§ What you will do
When the line with "Whizard Cut Resistant" turns up below, begin repeating exactly, and carry on through the line with "Украинские террористы продолжают"; no pictures go into the copy.

§ Data to use
++++
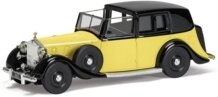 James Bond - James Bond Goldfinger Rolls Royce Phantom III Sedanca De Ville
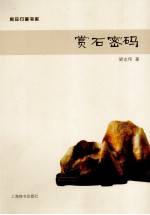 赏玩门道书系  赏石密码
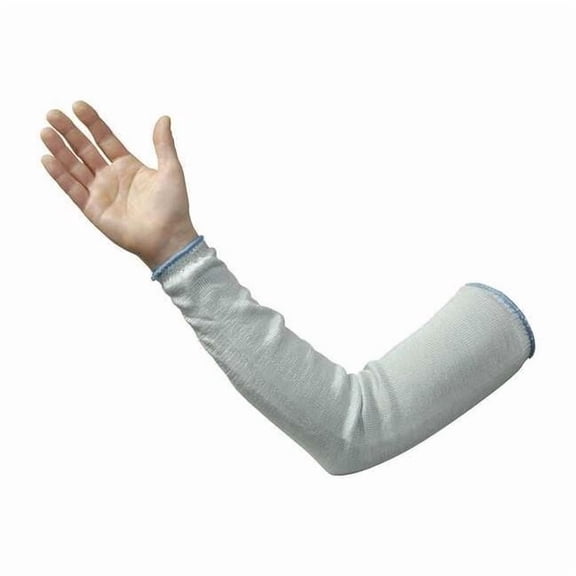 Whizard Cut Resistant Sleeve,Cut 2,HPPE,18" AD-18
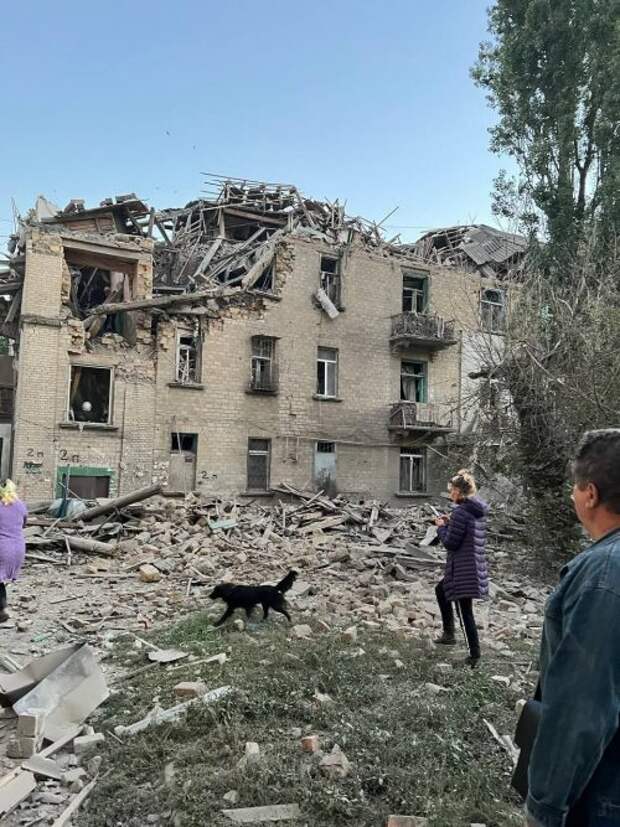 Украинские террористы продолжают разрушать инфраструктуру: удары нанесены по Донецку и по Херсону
++++
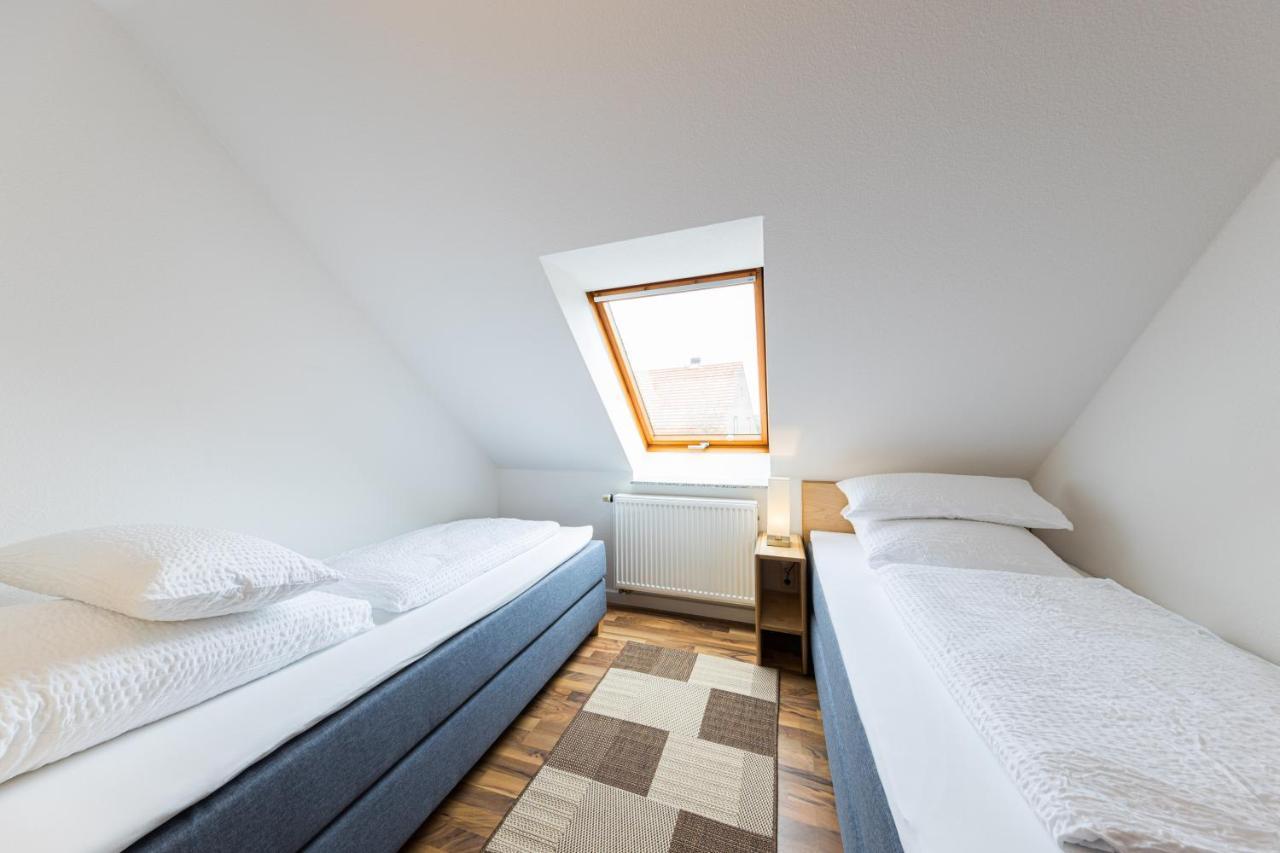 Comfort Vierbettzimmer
++++
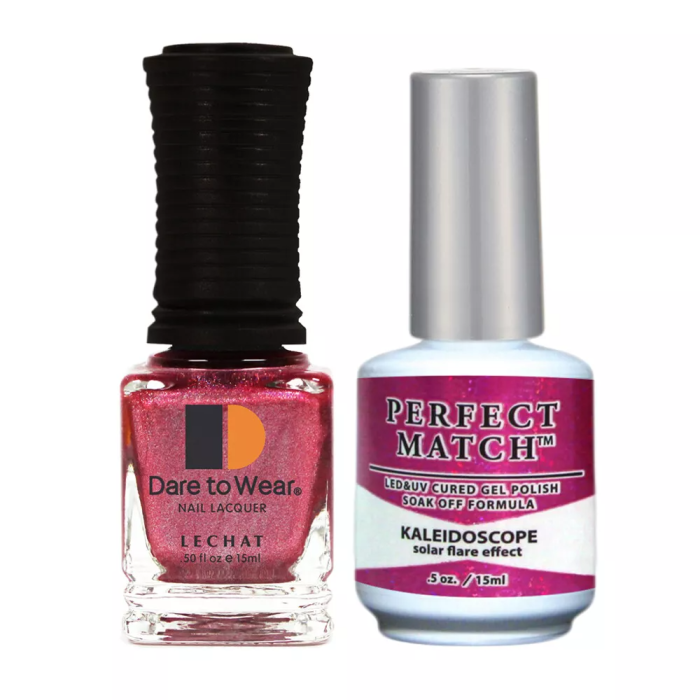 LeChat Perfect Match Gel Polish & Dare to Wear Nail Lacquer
++++
§ Solved exercise
 Whizard Cut Resistant Sleeve,Cut 2,HPPE,18" AD-18
 Украинские террористы продолжают разрушать инфраструктуру: удары нанесены по Донецку и по Херсону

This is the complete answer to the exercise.